- [ABOUT THIS EXERCISE] Produce the lines from the one containing "ル・クルーゼ ヘリテージテリーヌ型 0.7L プレス付き - メルカリ" through the end of the material exactly as they appear, both ends included, and leave the pictures out.

- [SOURCE MATERIAL]
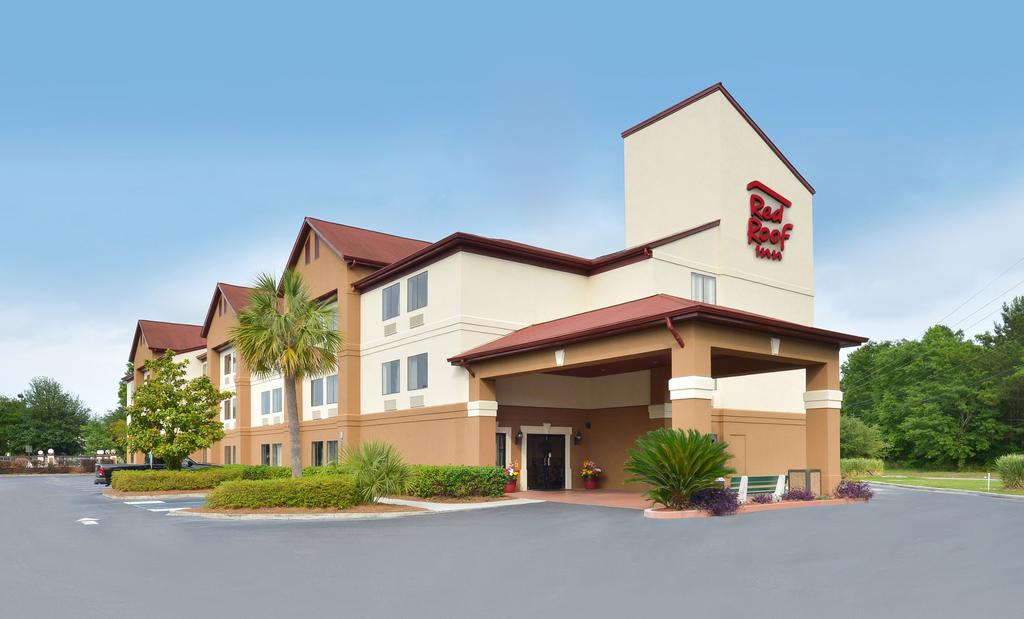 Savannah Red Roof Inn And Suites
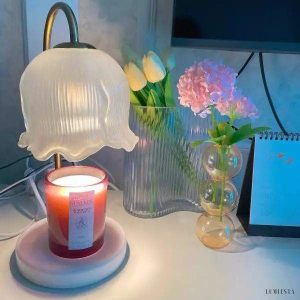 Lampa stołowa w stylu romantycznym z funkcją topnienia wosku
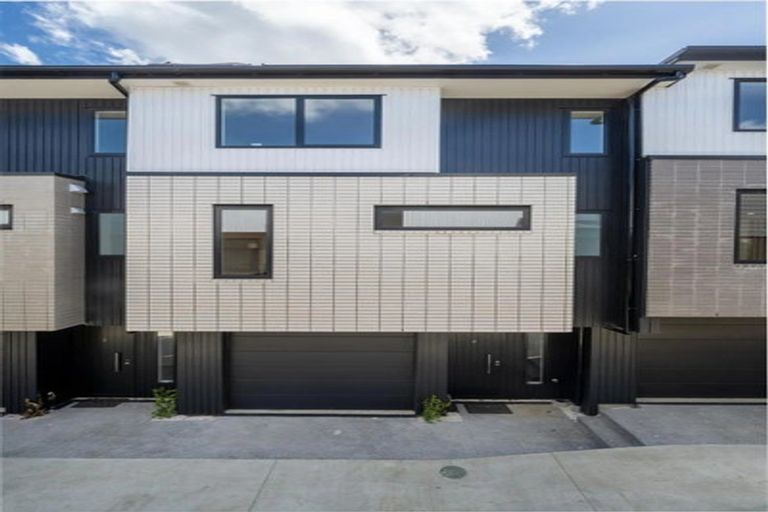 Photo of property in 3/8 Bennett Road, Pakuranga, Auckland, 2010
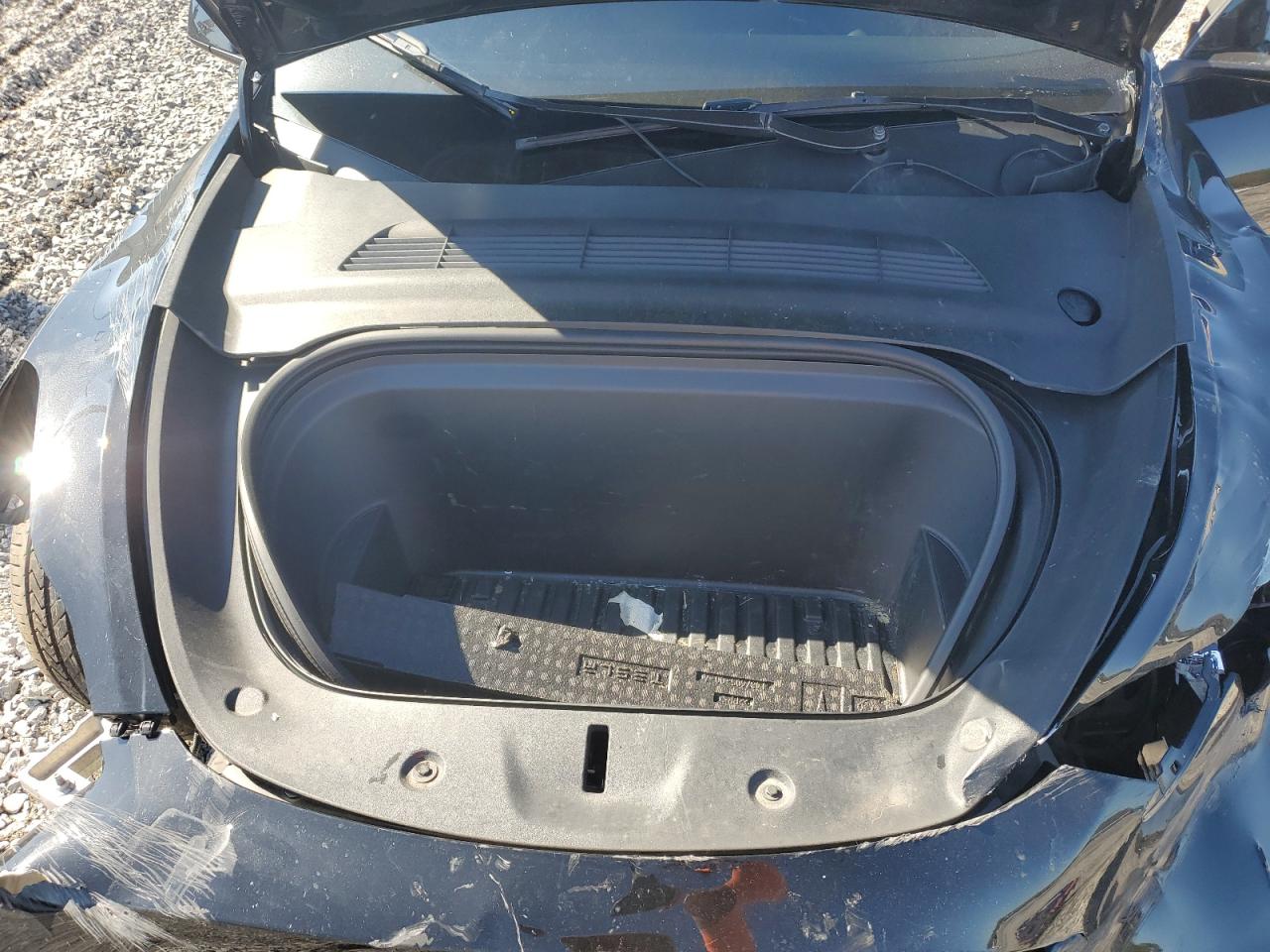 2023 Tesla Model Y VIN: 7SAYGDEE0PA036227 Lot: 90661105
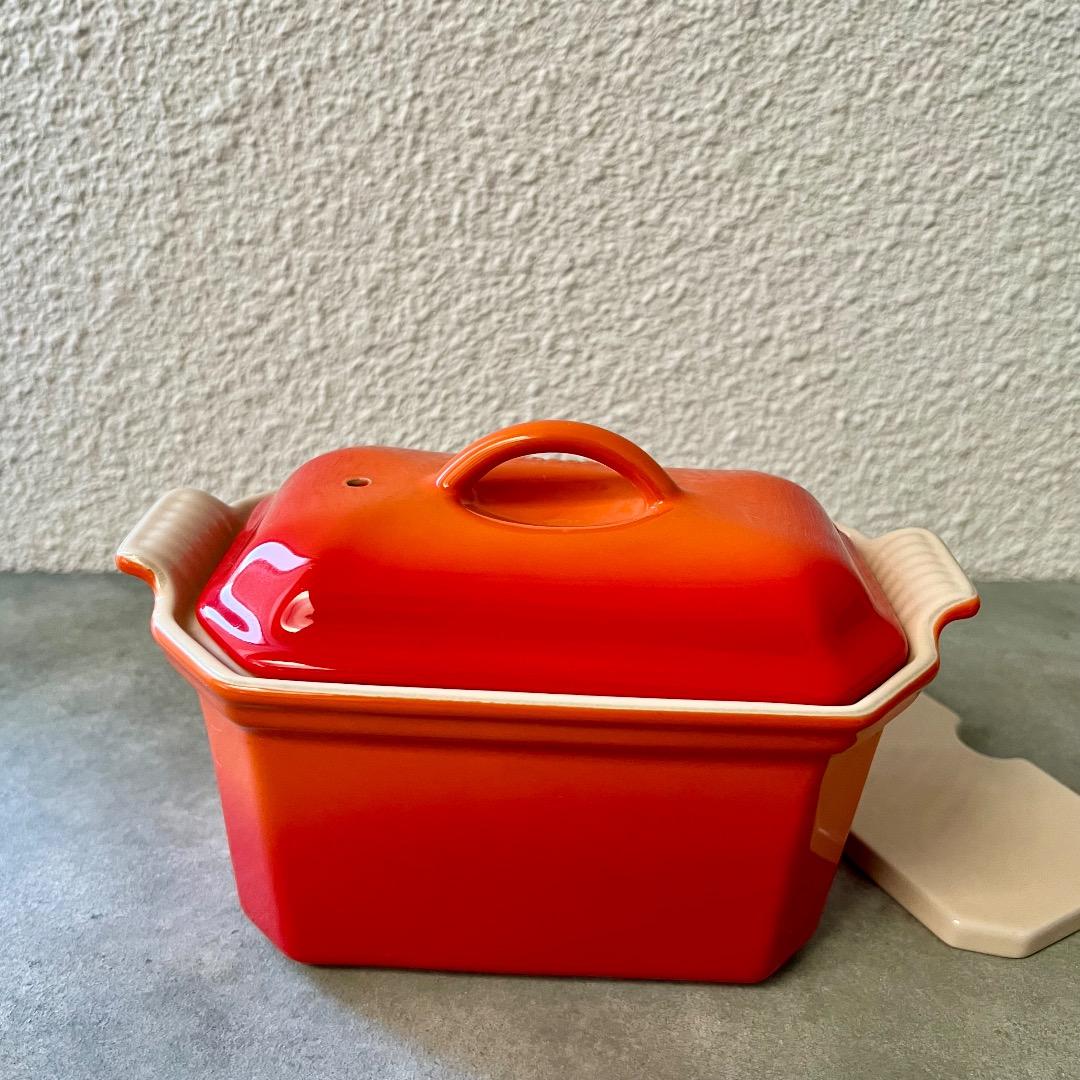 ル・クルーゼ ヘリテージテリーヌ型 0.7L プレス付き - メルカリ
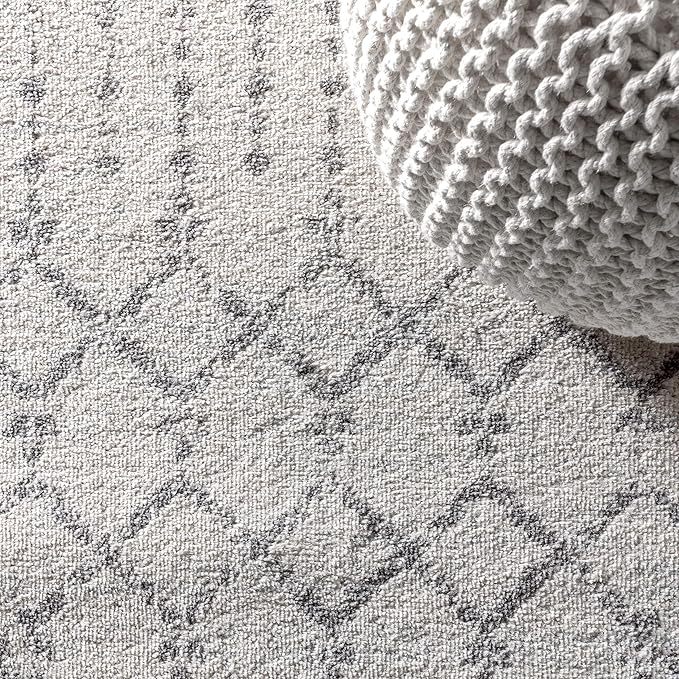 JONATHAN Y Boho Vintage Diamond Cream/Gray Round Area Rug 5 ft, Moroccan Hype for Living Room, Bedroom, Kitchen, Office, Easy-Cleaning, High Traffic, Pet-Friendly, Non-Shedding (MOH101B-5R)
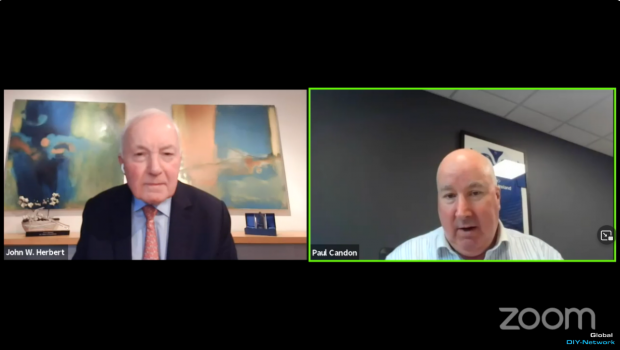 Edra general secretary John Herbert (l.) had invited Paul Candon, CEO of the Irish cooperative United Hardware, to his 13th interview in the “Meet the CEO” series.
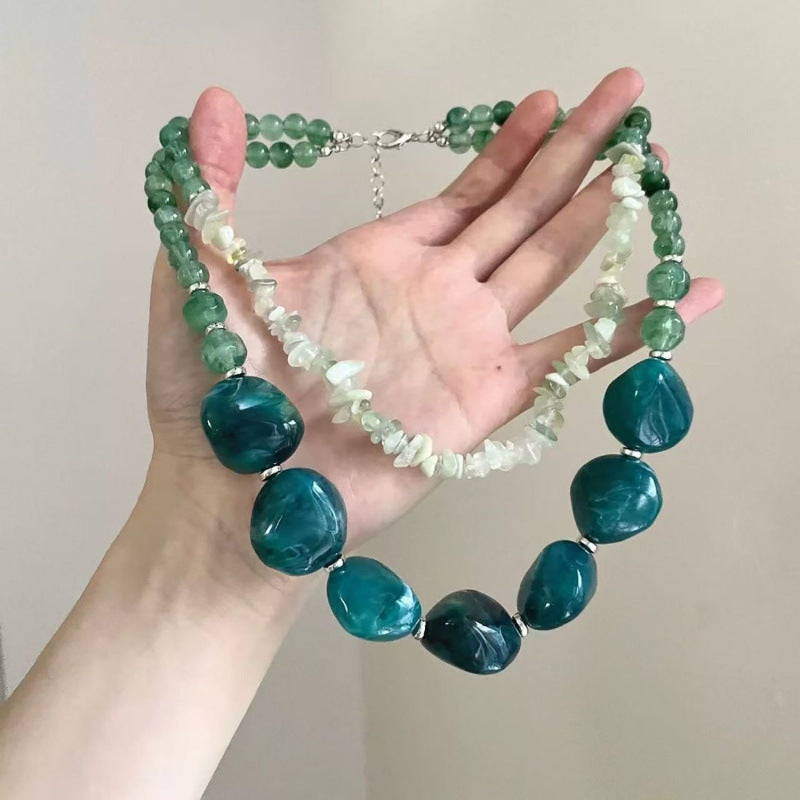 Wholesale Green Irregular Resin Pendant Necklace Geometric Design Fashion Accessory Boutique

- [SOLUTION BELOW]
 ル・クルーゼ ヘリテージテリーヌ型 0.7L プレス付き - メルカリ
 JONATHAN Y Boho Vintage Diamond Cream/Gray Round Area Rug 5 ft, Moroccan Hype for Living Room, Bedroom, Kitchen, Office, Easy-Cleaning, High Traffic, Pet-Friendly, Non-Shedding (MOH101B-5R)
 Edra general secretary John Herbert (l.) had invited Paul Candon, CEO of the Irish cooperative United Hardware, to his 13th interview in the “Meet the CEO” series.
 Wholesale Green Irregular Resin Pendant Necklace Geometric Design Fashion Accessory Boutique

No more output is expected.